■ **Records from a collection**:
______________________________

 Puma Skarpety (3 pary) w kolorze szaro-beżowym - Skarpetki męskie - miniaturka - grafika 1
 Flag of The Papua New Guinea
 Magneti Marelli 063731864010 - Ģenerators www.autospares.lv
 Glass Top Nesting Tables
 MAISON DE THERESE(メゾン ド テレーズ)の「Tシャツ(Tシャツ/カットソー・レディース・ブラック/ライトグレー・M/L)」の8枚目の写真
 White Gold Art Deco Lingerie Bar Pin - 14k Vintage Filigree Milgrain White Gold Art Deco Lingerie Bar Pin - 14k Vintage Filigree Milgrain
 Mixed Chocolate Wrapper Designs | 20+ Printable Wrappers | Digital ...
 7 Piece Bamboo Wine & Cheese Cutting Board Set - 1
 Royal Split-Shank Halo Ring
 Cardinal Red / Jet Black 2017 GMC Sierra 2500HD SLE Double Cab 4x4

______________________________

■ **What needs to be done**:
The entries above are to be restated word for word.

■ **Response below**:
 Puma Skarpety (3 pary) w kolorze szaro-beżowym - Skarpetki męskie - miniaturka - grafika 1
 Flag of The Papua New Guinea
 Magneti Marelli 063731864010 - Ģenerators www.autospares.lv
 Glass Top Nesting Tables
 MAISON DE THERESE(メゾン ド テレーズ)の「Tシャツ(Tシャツ/カットソー・レディース・ブラック/ライトグレー・M/L)」の8枚目の写真
 White Gold Art Deco Lingerie Bar Pin - 14k Vintage Filigree Milgrain White Gold Art Deco Lingerie Bar Pin - 14k Vintage Filigree Milgrain
 Mixed Chocolate Wrapper Designs | 20+ Printable Wrappers | Digital ...
 7 Piece Bamboo Wine & Cheese Cutting Board Set - 1
 Royal Split-Shank Halo Ring
 Cardinal Red / Jet Black 2017 GMC Sierra 2500HD SLE Double Cab 4x4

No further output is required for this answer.